**Work required:** The expected result is a verbatim repetition of the lines from the start of the entries through the line containing "2 vagasQuarto 1", with the pictures removed.

**Given information:**
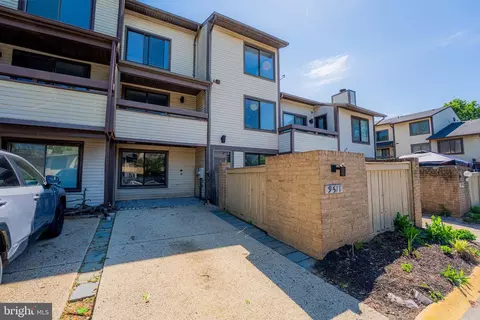 9511 Treyford Ter, Gaithersburg, MD 20886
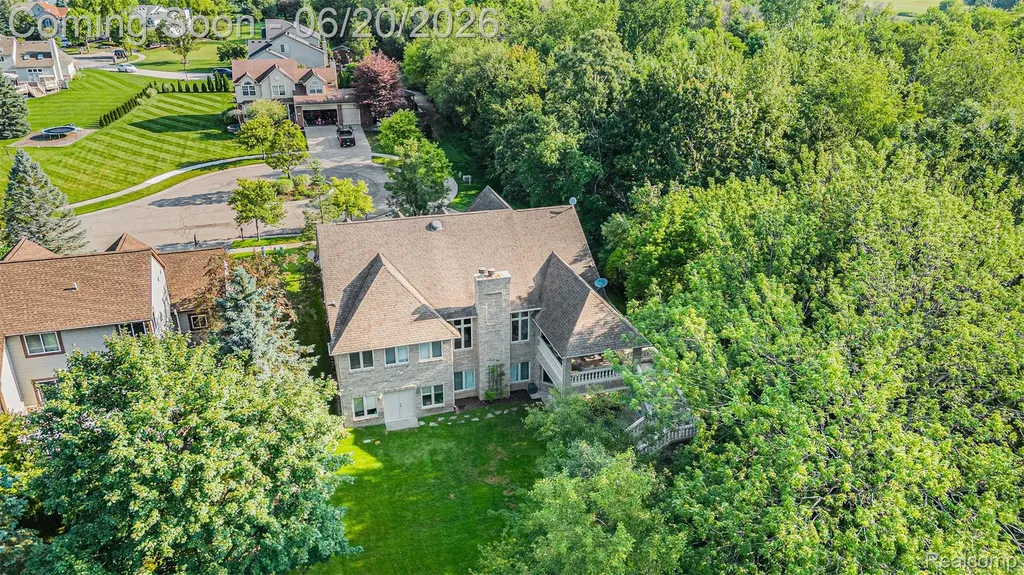 836 Townsend Drive South Lyon City MI 48178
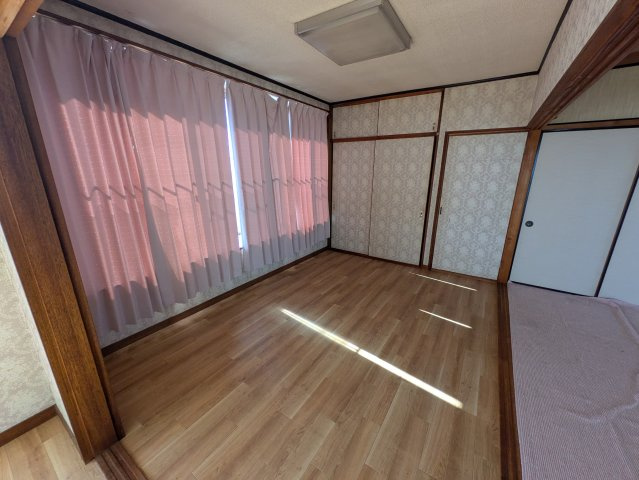 【洋室】 | 新正4丁目借家K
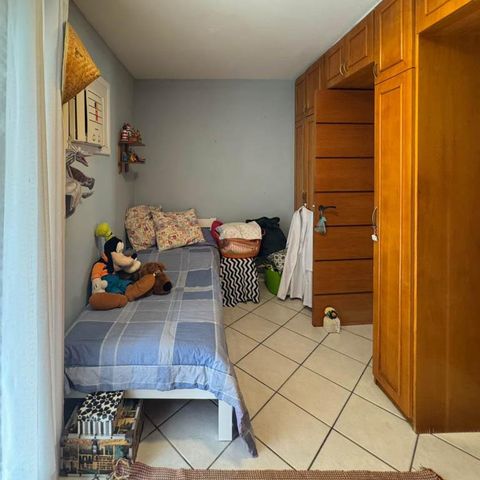 Casa de condomínio à venda com 200m², 3 quartos e 2 vagas Casa de condomínio à venda com 200m², 3 quartos e 2 vagasQuarto 1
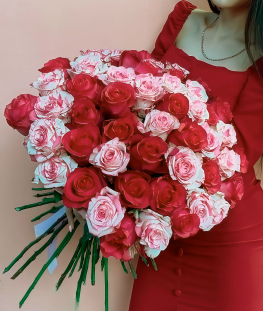 Букет из 51 розовых и красных эквадорских роз
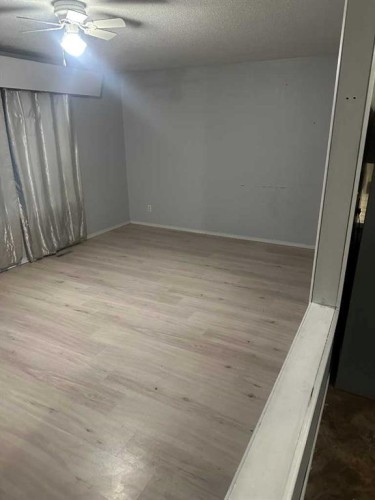 4805 55 Avenue, Valleyview, AB - Indoor Photo Showing Other Room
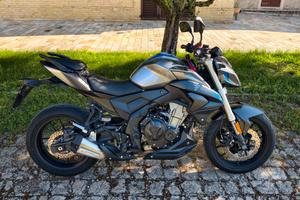 Voge Brivido 500R 2021 perfetta! Patente A2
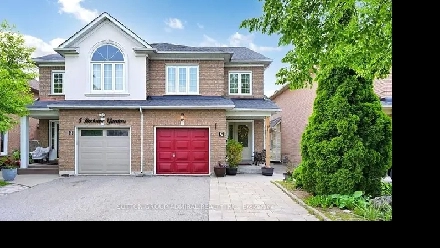 This incredible Vaughan semi is renovation royalty. Step into a Image# 3
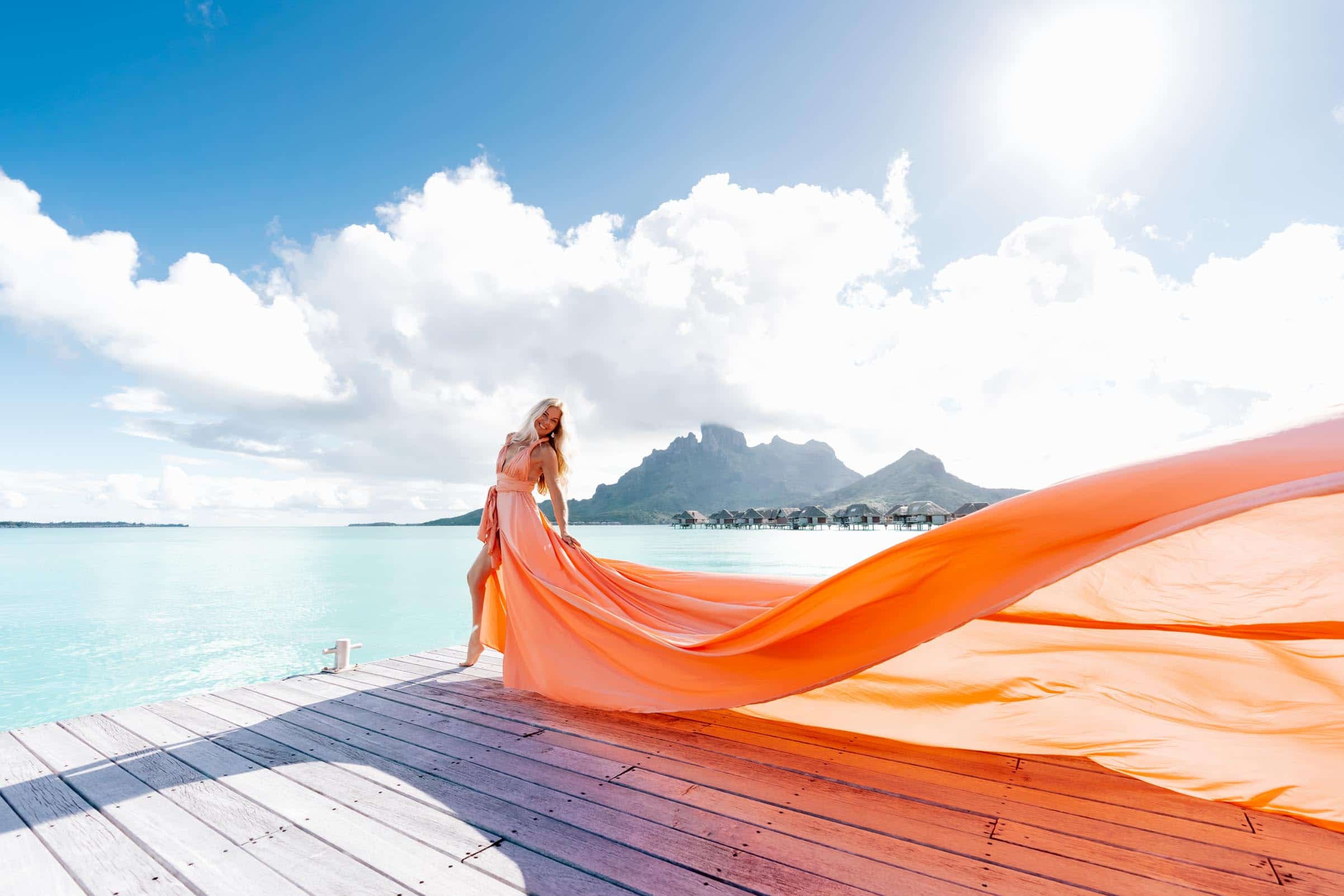 Bora Bora Photographer - Photoshoot with maxi flying dress - Coral Dress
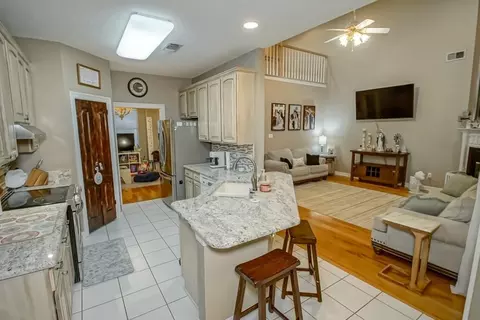 Kitchen - 121 Saint John St, Luling, LA 70070 photo 2 of 3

**Exercise output:**
 9511 Treyford Ter, Gaithersburg, MD 20886
 836 Townsend Drive South Lyon City MI 48178
 【洋室】 | 新正4丁目借家K
 Casa de condomínio à venda com 200m², 3 quartos e 2 vagas Casa de condomínio à venda com 200m², 3 quartos e 2 vagasQuarto 1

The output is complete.